Once upon a time there was a little girl who loved to read. Bedtime stories of Four Fat Rats and hungry caterpillars with their beautiful photographs were enough of a bribe to welcome bedtime. Pillow forts and castles in the sky always included her little box of books with lions and wardrobes, a mouse and a motorcycle. As she started getting bigger, Indians came alive inside of cupboards and small human-like creatures lived in places with mystical names like “The Shire.”
She tried her hand at writing, but typically only when a creative assignment was due. She struggled to come up with the stories, preferring to read about the new lands that others created instead of inventing her own. When the time came for book reports and analyzing literature, she found it tedious and insulting, tearing apart someone’s wondrous creation instead of swimming in the lore and imagination of it all.

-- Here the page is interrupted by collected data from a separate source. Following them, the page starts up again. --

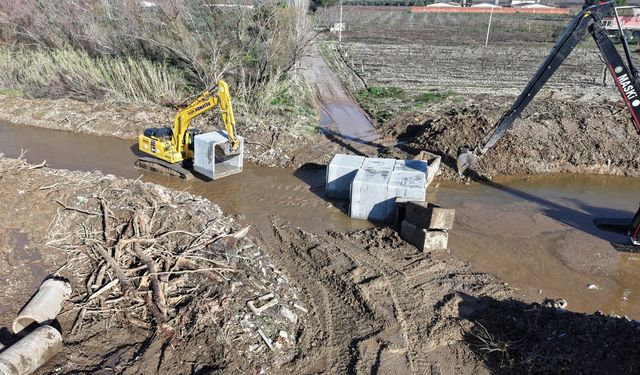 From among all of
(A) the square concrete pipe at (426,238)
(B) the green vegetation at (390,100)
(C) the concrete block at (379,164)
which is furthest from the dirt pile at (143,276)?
(B) the green vegetation at (390,100)

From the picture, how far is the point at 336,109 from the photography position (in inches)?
767

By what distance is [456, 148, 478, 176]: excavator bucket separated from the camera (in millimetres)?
13328

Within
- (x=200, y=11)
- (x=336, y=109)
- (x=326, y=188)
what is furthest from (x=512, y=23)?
(x=326, y=188)

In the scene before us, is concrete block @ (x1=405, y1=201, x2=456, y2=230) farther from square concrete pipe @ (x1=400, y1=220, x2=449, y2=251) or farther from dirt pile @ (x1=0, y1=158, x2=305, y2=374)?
dirt pile @ (x1=0, y1=158, x2=305, y2=374)

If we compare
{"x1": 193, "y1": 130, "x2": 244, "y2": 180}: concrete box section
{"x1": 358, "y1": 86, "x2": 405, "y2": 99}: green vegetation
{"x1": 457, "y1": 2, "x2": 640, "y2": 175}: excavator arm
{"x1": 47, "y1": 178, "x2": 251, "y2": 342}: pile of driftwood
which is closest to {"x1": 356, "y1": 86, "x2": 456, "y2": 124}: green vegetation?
{"x1": 358, "y1": 86, "x2": 405, "y2": 99}: green vegetation

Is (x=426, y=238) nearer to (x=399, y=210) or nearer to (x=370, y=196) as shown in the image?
(x=399, y=210)

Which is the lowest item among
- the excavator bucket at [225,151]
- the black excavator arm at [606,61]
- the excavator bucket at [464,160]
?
the excavator bucket at [464,160]

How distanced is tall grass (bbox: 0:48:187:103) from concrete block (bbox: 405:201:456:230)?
→ 12059mm

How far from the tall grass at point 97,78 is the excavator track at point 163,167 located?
536cm

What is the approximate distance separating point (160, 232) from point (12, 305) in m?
2.71

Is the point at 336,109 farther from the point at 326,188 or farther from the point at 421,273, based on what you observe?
the point at 421,273

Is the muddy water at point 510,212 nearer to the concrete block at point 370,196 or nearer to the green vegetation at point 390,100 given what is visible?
the concrete block at point 370,196

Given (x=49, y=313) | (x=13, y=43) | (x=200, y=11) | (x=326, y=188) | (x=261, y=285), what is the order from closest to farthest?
(x=49, y=313) → (x=261, y=285) → (x=326, y=188) → (x=200, y=11) → (x=13, y=43)

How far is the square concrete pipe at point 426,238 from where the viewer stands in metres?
9.41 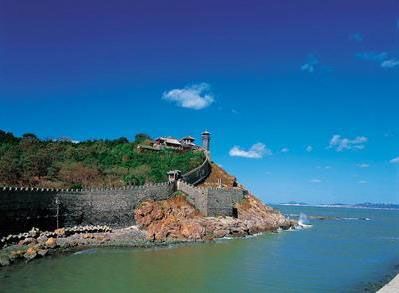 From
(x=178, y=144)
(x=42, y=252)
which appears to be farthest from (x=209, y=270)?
(x=178, y=144)

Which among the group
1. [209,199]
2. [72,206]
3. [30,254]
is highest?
[209,199]

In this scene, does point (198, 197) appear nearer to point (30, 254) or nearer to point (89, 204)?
point (89, 204)

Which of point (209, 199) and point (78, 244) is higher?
point (209, 199)

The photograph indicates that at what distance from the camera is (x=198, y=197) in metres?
44.0

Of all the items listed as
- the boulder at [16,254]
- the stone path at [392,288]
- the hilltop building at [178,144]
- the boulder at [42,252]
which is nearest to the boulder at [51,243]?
the boulder at [42,252]

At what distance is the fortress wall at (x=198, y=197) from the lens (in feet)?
143

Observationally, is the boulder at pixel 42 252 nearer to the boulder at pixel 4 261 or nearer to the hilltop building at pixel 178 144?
the boulder at pixel 4 261

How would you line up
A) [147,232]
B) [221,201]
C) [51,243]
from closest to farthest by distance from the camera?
[51,243] → [147,232] → [221,201]

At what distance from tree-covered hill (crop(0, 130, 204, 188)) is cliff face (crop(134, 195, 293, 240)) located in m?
12.1

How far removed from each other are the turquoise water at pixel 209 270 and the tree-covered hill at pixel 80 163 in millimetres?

Then came the teenage years of high school, where being a bookworm made you far from popular during a time challenging enough due to hormones, a new school, and learning to drive. Books collected dust because who had the time to read outside of the assignments already given? Never skipping a chapter, never skirting a worksheet, and curfew was earlier than most.
As her twelve years of school came to a close, research papers and writing poetry, even the occasional online journal took up her time, but it’s dangerous to let people know what goes on inside your head at an age where everyone is still so fragile and new.
College was supposed to be a new adventure, but reading turned into five pound textbooks with little imagination at all. What she did discover however, was her incredible skill at research and writing, acing everything she gave ample time to. She had yet to fully enjoy this new trait, but amidst her now complicated land of self-discovery and love, was the comforting feeling that her stringing-words-together-ability was far from average.
Moving out and moving on, to one state and then another, books stayed in boxes, half empty journals on shelves, and a with laptop in hand, she tested her hand at different mediums. Yet she always came back to her own life’s story, her strong desire to share it with the world.
It’s morphed over the years, and I’m sure will continue to do so for hopefully decades to come: my reading, my writing, my learning, and this adventure. Today marks a year since I was bold enough to start up this little piece I could own in the universe. Thank you to anyone taking a few moments from their own day to read about mine.